Secondo l’Anm questi colloqui rappresentano condotte «ancora più gravi in quanto riferite al titolare di un Ufficio che ha, tra le proprie prerogative, anche l’esercizio del potere disciplinare, ed è membro di diritto del Consiglio superiore della magistratura».
Ieri era poi in programma a Palazzo dei Marescialli l’udienza disciplinare nei confronti di Palamara. Dopo averlo incontrato il 22 maggio, il 18 giugno Fuzio ne aveva chiesto infatti la sospensione dallo stipendio e dalle funzioni.
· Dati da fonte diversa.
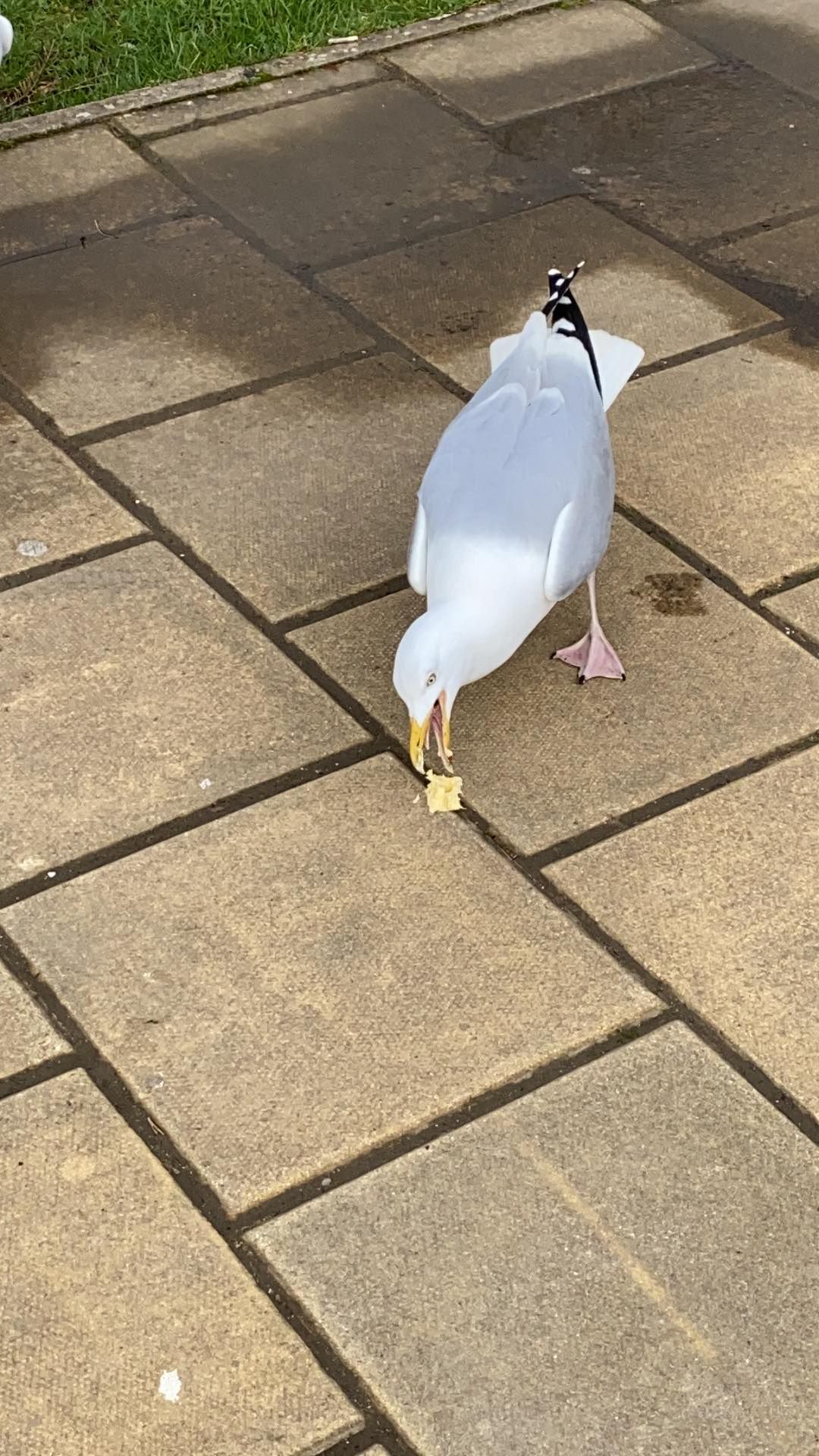 Image may contain: Walkway, Path, Beak, Flagstone, Seagull, Bird, Animal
Tre giorni prima del plenum straordinario alla presenza del Capo dello Stato.
Come riportato da Repubblica, l’intercettazione fra Fuzio e Palamara era nota ai consiglieri del Csm ben prima del citato plenum straordinario.
Un componente laico, secondo fonti del Csm, avrebbe fatto notare una similitudine con quanto accaduto a Luigi Spina, l’ex consigliere dimessosi perché indagato a Perugia dopo aver riferito a Palamara di contenuti sull’indagine a suo carico.
Ricusato Ardita
L’udienza di ieri dinanzi alla sezione disciplinare di Palazzo dei Marescialli è durata solo un’ora. Palamara ha ricusato, dopo Sebastiano Ardita, anche Piercamillo Davigo.
Entrambi, secondo il magistrato, si sarebbero già pronunciati in maniera dura sulla vicenda, e avrebbero a suo dire «anticipato il giudizio». La sezione, presieduta dal laico indicato dal Movimento 5 Stelle Fulvio Gigliotti, ha rinviato all’udienza del 9 luglio per la decisione.
Assente Fuzio, la Procura generale della Cassazione era rappresentata dagli avvocati generali della Suprema corte Pietro Gaeta e Luigi Salvato.
La memoria di Palamara
Palamara ha poi depositato, tramite i suoi legali, gli avvocati Benedetto e Mariano Marzocchi Buratti, e Roberto Rampioni, una memoria. «È l’incontro tra la componente laica e quella togata, previsto dalla Costituzione, che nella mia esperienza personale ha esaltato l’incontro tra magistratura e politica. Ho fatto parte di questo sistema condividendone pregi unitamente alla piena consapevolezza dei difetti, dei quali però non posso assumermi da solo tutte le responsabilità», scrive Palamara.
Che poi ammette: «Errori sicuramente ne sono stati commessi e rivolgo le scuse più sincere e profonde al Presidente della Repubblica». Dopodiché il magistrato smentisce ogni addebito.
«È vero, ho partecipato a cene ed incontri in occasione delle nomine ed anche in occasione della futura ed imminente nomina del procuratore di Roma. Durante il periodo consiliare 2014- 2018 sono stato oggetto di interessamenti di moltissimi colleghi per i più svariati motivi».
Fra le criticità, «la sfrenata corsa al carrierismo conseguente all’abolizione del criterio della anzianità e all’abbassamento dell’età pensionabile a 70 anni nonché la gerarchizzazione degli uffici requirenti che ha aumentato ruolo e poteri del procuratore della Repubblica anche nel rapporto con la polizia giudiziaria».
Fino al passaggio chiave: «Non ho mai barattato la mia funzione. Mai». Ma proprio su questo, sarà il collegio disciplinare a doover pronunciare l’ultima parola.